PBN PHOTO/MARK S. MURPHY
WHAT LIES BENEATH: Subsalve USA President Richard G. Fryburg in the company's North Kingstown facility, where workers are assembling flotation devices for undersea salvage operations. The bag being tested in the back can lift 77,000 lbs.
Posted 9/10/12

(Updated, Sept. 13, 2:30 p.m.)

Some of the orders coming in at Subsalve USA Corp. in North Kingstown could be mission briefings in an adventure film.
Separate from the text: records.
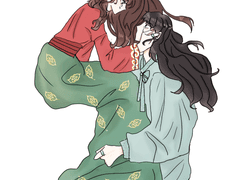 【김감자】 · 첫 번째 이야기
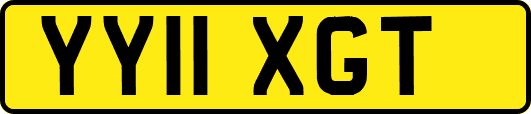 YY11XGT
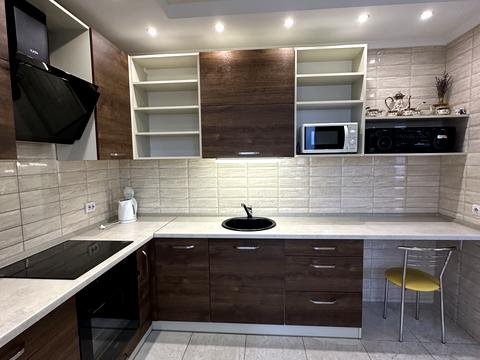 квартира за адресою Бориса Гмирі вул., 16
For example:

• James Cameron, on a quest to reach the deepest point in the ocean, needs stabilizing floats to launch his submarine.
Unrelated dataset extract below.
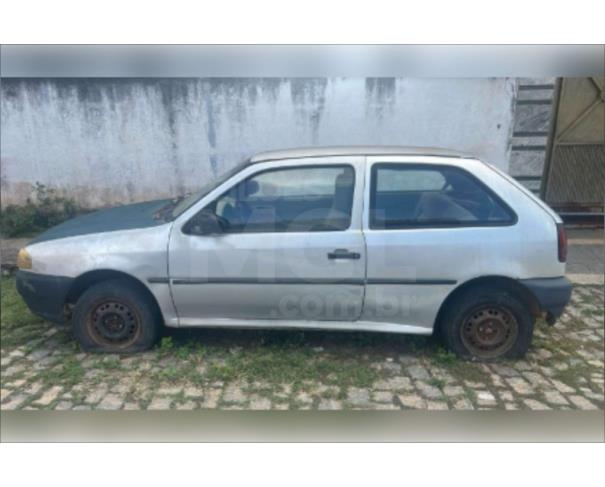 Foto de CARMO DA MATA/MG - VOLKSWAGEN Gol 16V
• NASA is looking to recover the solid rocket boosters discarded by the space shuttle from the bottom of the Atlantic.

• The Thai Royal Navy wants to safely remove underwater mines and unexploded ordinance from its waters.

• Treasure hunters hoping to recover an estimated $3 billion in platinum bars from the SS Port Nicholson, a British freighter sunk by a U-boat off the coast of Cape Cod in World War II, want to float the valuables to the surface.

So it wasn’t surprising when producers of the television show CSI Miami, cooking up a plot involving a criminal gang, underwater gold and a tsunami, called Subsalve for advice on how to make the caper seem real.

“We are asked to participate in many projects,” said Subsalve founder and CEO Richard Fryburg, a day after returning from Bangkok on the Thai Navy job, “and only some of that is the glamour stuff.”

In fact, much of what goes into undersea recovery and has gone into building Subsalve hasn’t been as glamorous.

Fryburg, a Worcester, Mass., native whose family vacationed on the Rhode Island shore, started diving at an early age and soon began offering diving services to marina and yacht clubs.

In the mid 1970s, Fryburg ventured into underwater-recovery projects and the first was an attempt to raise the sunken tugboat Mount Hope in Narragansett Bay.

It didn’t work.

So Fryburg moved to flexible flotation devices – inflatable bags he made from government-surplus materials – which would become Subsalve’s core technology.

In 1977, he started the company in the basement of a Providence factory and, over three decades, has grown the business and the applications for underwater lift bags into industries that include: commercial salvage; scientific exploration; recreational diving; energy transmission; public infrastructure; military engineering and entertainment.

Subsalve now has 30 different products and sees the potential to grow significantly if it can scale up operations.